ORLANDO, FL — Produce exports are critically important to Mexico, according to José Calzada, the country’s secretary of agriculture.

Calzada heads SAGARPA, which is the national secretariat for agriculture, ranching, rural development, fish and nutrition. In 2015, Mexico had $26.6 billion in agricultural exports. Of that, $22.9 billion were sales to the U.S. market.  

Calzada is working to build export sales not only to the United States but also to many other customers around the world.

On Oct. 15, at the PMA Fresh Summit, Calzada sat with The Produce News to discuss the development of this program.

Jose-Calzada-PMAJosé Calzada, Mexico’s secretary of agriculture, in SAGARPA’s booth at the PMA Fresh Summit.“I always tell the Mexicans that we have to move from volume to value,” he said. “We used to be concerned with traditional crops, but we are moving to more innovative, technologically advanced producing systems.”
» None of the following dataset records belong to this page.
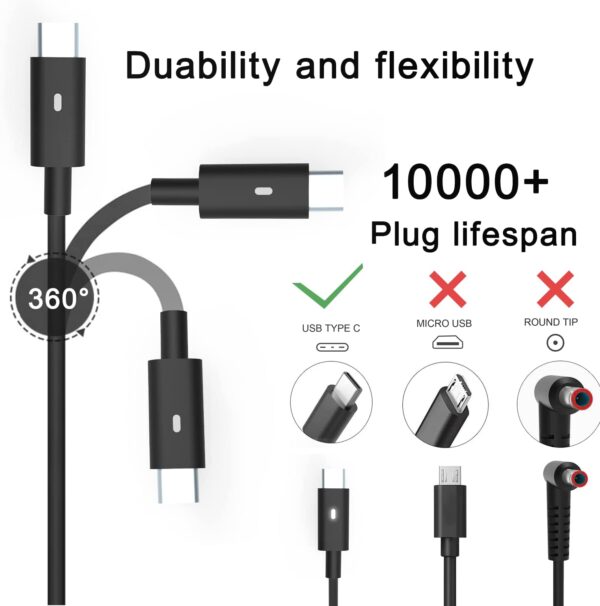 USB C 65W 45W Laptop Charger for Dell Latitude 5520 7400 7420 7370 XPS 13 9250 Chromebook 3100 XPS 12 9250 Inspiron Type C AC Adapter LA65NM170 HA65NM170 02YK0F 0M1WCF Power Cord Replacement - Image 2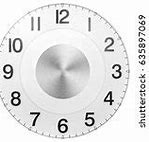 Image result for How to Design Watch Faces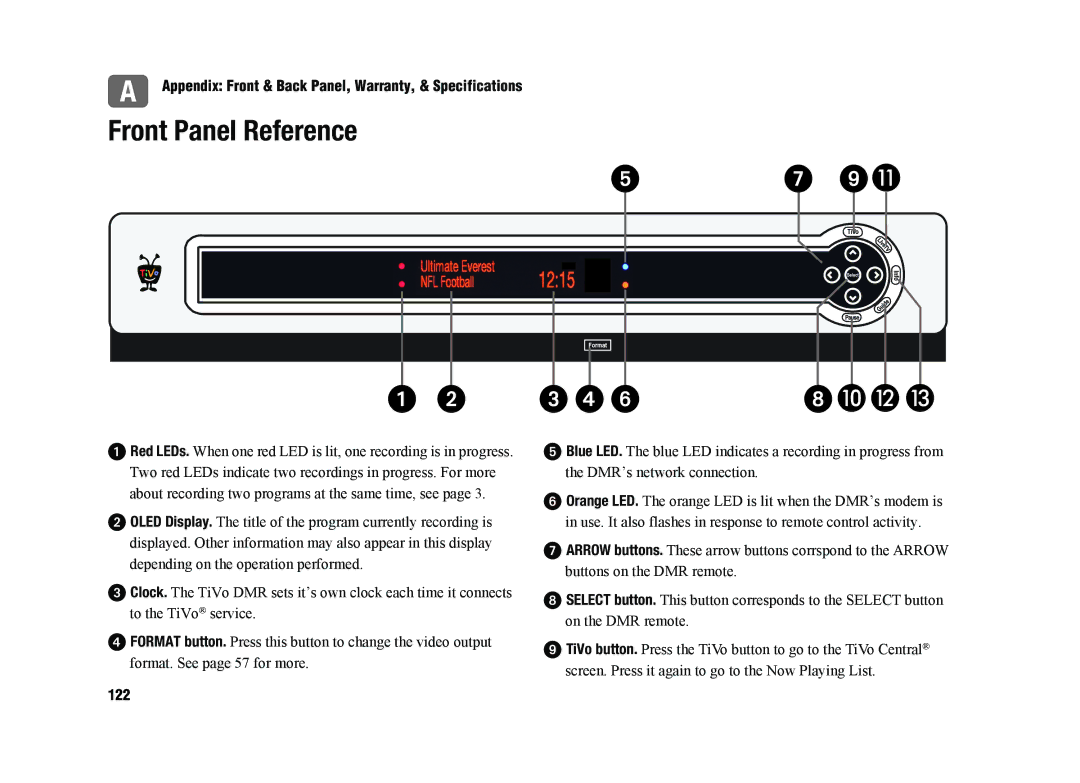 TiVo SDOC-00091-002 manual Front Panel Reference, 122 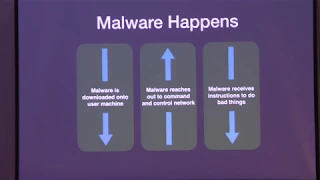 Deep Learning For Realtime Malware Detection - Domenic Puzio and Kate Highnam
The exports of fruits and vegetables has advanced a great deal “because we have good producers” who use innovation and technology. “We have got to stay on that path.”

Calzada is a strong supporter of the Trans Pacific Partnership, or TPP, which he describes as “a better NAFTA” because it involves more nations and more producers. Forty percent of the world’s gross domestic product is represented in the TPP discussions, he noted.

Calzada said Mexico and the United States “have a relationship that is very good,” noting that he works closely with USDA Secretary Tom Vilsack. Two current matters under way are to admit shipments of avocados from the Mexican state of Jalisco and a deal with swine trade.

In early November, Calzada will lead a weeklong trade tour to Argentina and Chile “to look for what we can sell. We want an exchange of information.”

In mid-May, Calzada and Raúl Urteaga, SAGARPA’s general coordinator for international affairs, led 46 Mexican food exporters on a trade tour to the Arabic Peninsula. This involved meetings in Saudi Arabia, the United Arab Emirates Kuwait and Qatar. Among the Mexican products to catch a boost in export business from this trip were avocados, beef and honey, Calzada said.

Mexican food exports to Canada and China are established and “also, we have new markets in Europe, especially for fruits,” he said.

In 2014, Mexico exported agricultural products worth $2.5 million to the new Chinese market. That figure is expected to reach $100 million in five years, he said. Japan and South Korea are other key and growing export markets.

SAGARPA is hosting a major food export fair in Mexico City Dec. 8-10, 2016.